» Problem details: Everything below from the line with "Load image into" through the line with "138 Milstead RD, Newport News, VA 23606" should be copied exactly, and nothing else; leave out the pictures.

(Exercise data begins)

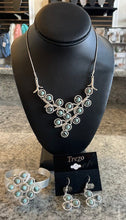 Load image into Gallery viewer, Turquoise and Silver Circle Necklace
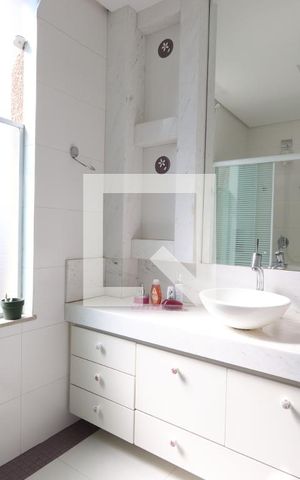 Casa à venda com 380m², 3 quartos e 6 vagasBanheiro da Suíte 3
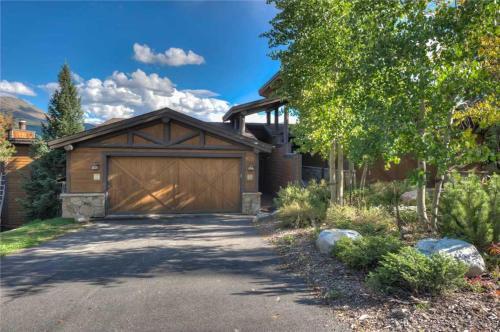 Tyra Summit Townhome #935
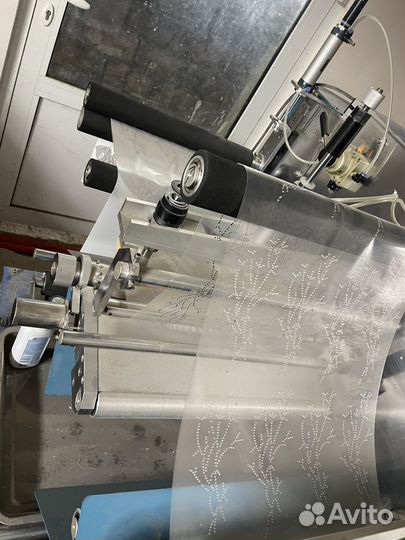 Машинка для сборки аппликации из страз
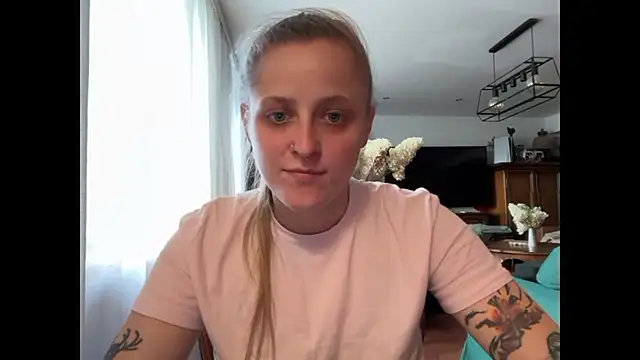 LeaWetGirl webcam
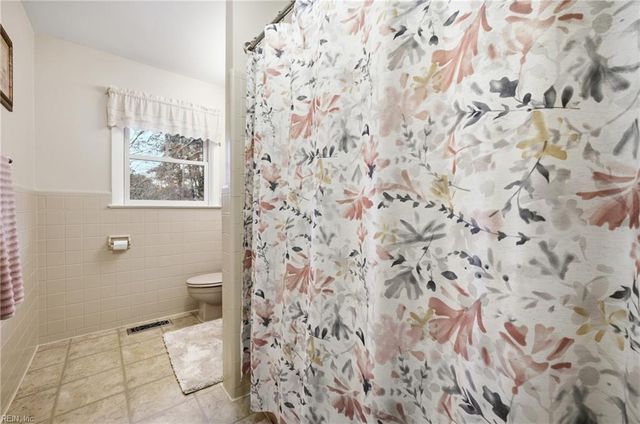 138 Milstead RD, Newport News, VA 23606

(Exercise data ends)
(Exercise data begins)

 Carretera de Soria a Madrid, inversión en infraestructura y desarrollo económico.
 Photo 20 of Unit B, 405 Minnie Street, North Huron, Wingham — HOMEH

(Exercise data ends)
(Exercise data begins)

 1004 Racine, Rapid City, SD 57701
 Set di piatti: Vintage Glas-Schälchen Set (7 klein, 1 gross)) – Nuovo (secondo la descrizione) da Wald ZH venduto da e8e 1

(Exercise data ends)

» Exercise output:
 Load image into Gallery viewer, Turquoise and Silver Circle Necklace
 Casa à venda com 380m², 3 quartos e 6 vagasBanheiro da Suíte 3
 Tyra Summit Townhome #935
 Машинка для сборки аппликации из страз
 LeaWetGirl webcam
 138 Milstead RD, Newport News, VA 23606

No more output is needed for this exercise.